USA: Hoffen auf weniger Chaos in Washington - Nord LB Kolumne
Vor einigen Minuten sind in den USA erste Zahlen zur Entwicklung des BIPs im II. Quartal gemeldet worden. Erwartungsgemäß kam es zu einer signifikanten Beschleunigung des Anziehens der realen Wirtschaftsaktivität im Land der unbegrenzten Möglichkeiten. Das Wachstum lag immerhin bei annualisiert 2,6%.
Die vorläufigen Angaben zum US-BIP sind bekanntlich noch sehr revisionsanfällig. Eine zu stark auf Details fokussierende Betrachtung der Zahlen ist daher momentan kaum sinnvoll. Mit Blick auf grundsätzliche Trends in den Daten kann aber wohl schon festgehalten werden, dass die Entwicklung des privaten Konsums als solide bezeichnet werden darf. Die Investitionen hätten sich dagegen durchaus stärker präsentieren können.
Die weiteren Entwicklungstendenzen der US-Wirtschaft sind in nicht zu unterschätzendem Maße abhängig von den Entscheidungen in Washington. Den heutigen Zahlen folgend haben die bereits im II. Quartal zu beobachtenden politischen Turbulenzen das Wirtschaftswachstum in den USA immerhin nicht abgewürgt. Größere stützende Effekte der Wirtschaftspolitik der neuen Regierung hatten wir für das Jahr 2017 ohnehin nie erwartet. Insofern gibt es keinen großen Raum für negative Überraschungen. Allerdings gehen wir auch weiterhin davon aus, dass mit Blick auf die Steuerreform bis zum Winter – sozusagen als Plan B – zumindest eine „kleine“ Lösung auf den Weg gebracht werden kann.

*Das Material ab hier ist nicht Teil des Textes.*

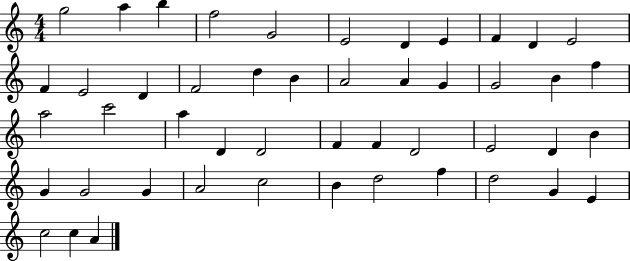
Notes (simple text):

G5/h A5/q B5/q F5/h G4/h E4/h D4/q E4/q F4/q D4/q E4/h F4/q E4/h D4/q F4/h D5/q B4/q A4/h A4/q G4/q G4/h B4/q F5/q A5/h C6/h A5/q D4/q D4/h F4/q F4/q D4/h E4/h D4/q B4/q G4/q G4/h G4/q A4/h C5/h B4/q D5/h F5/q D5/h G4/q E4/q C5/h C5/q A4/q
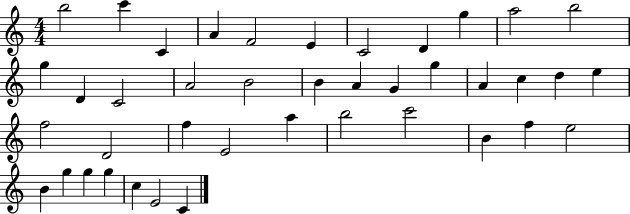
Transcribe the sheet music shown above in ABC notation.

X:1
T:Untitled
M:4/4
L:1/4
K:C
b2 c' C A F2 E C2 D g a2 b2 g D C2 A2 B2 B A G g A c d e f2 D2 f E2 a b2 c'2 B f e2 B g g g c E2 C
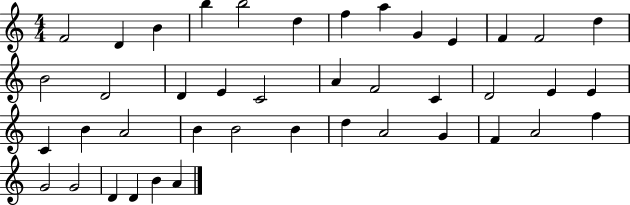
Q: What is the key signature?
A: C major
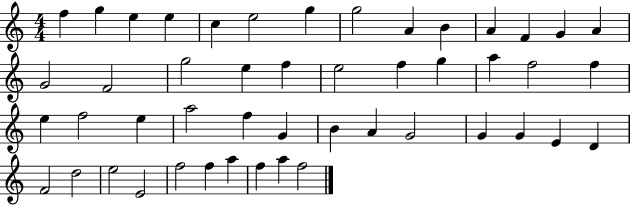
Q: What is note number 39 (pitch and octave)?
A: F4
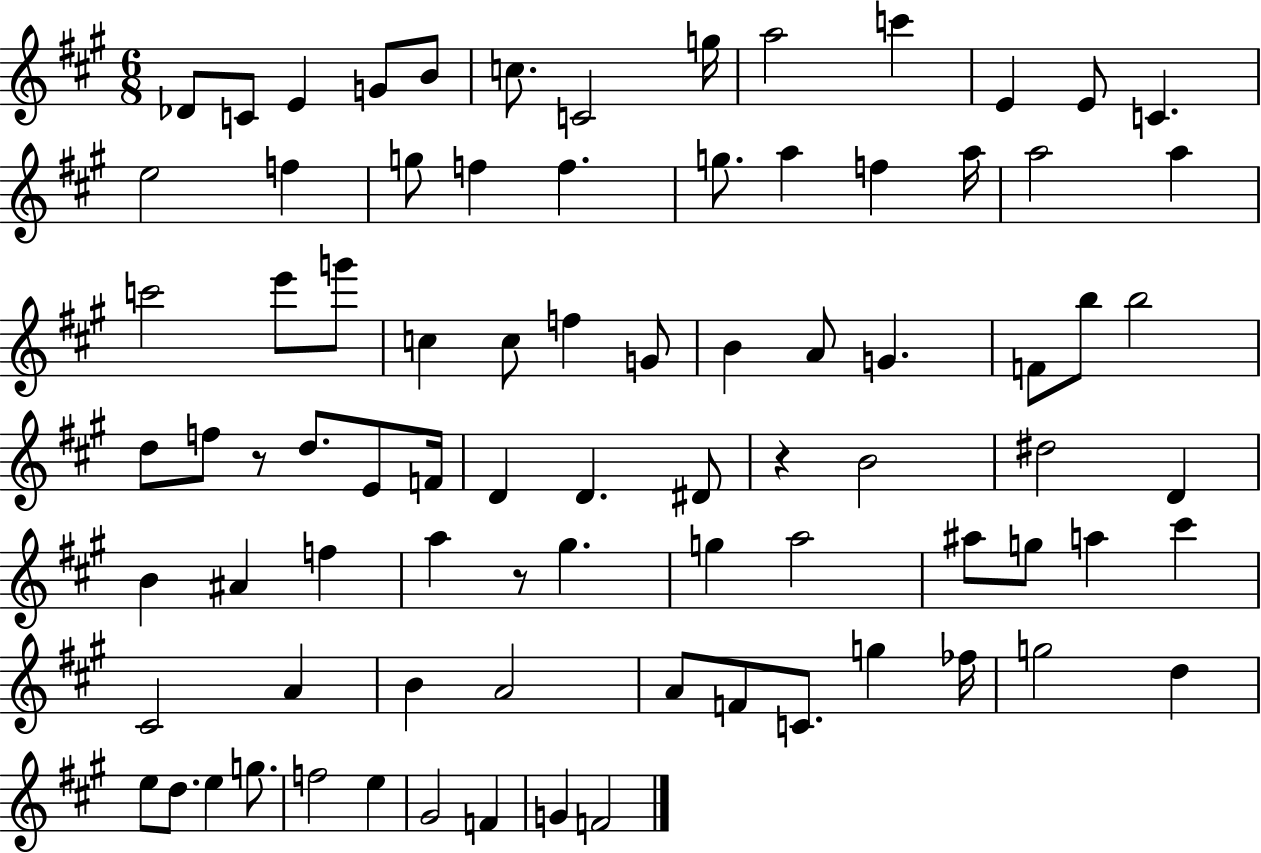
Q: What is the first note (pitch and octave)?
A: Db4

Dabei dürfte sich vor allem eine Senkung der Steuersätze im Unternehmensbereich ergeben. Zudem scheint sich ein Konsens bei den Maßnahmen zur Förderung der Repatriierung von im Ausland geparkten Unternehmensgewinnen abzuzeichnen. Dies ist vor allem von zentraler Bedeutung für die Aktienmärkte. Bei der Einkommensteuer will das Weiße Haus nun offenkundig vor allem der Mittelschicht entgegenkommen. Ansätze, die insbesondere den vermögenden Haushalten helfen würden, sind offenbar aus Kostengründen vom Tisch. Die Finanzierung der Pläne bleibt das große Problem. An dieser Stelle scheint es momentan das größte Potential für positive Überraschungen zu geben. Auf Capitol Hill sind derzeit Gerüchte zu hören, die besagen, dass Finanzminister Steve Mnuchin fieberhaft an sehr kreativen Lösungen zu basteln scheint. Erfreulich ist in diesem Kontext auch, dass es wohl keine Border Adjustment Tax geben wird.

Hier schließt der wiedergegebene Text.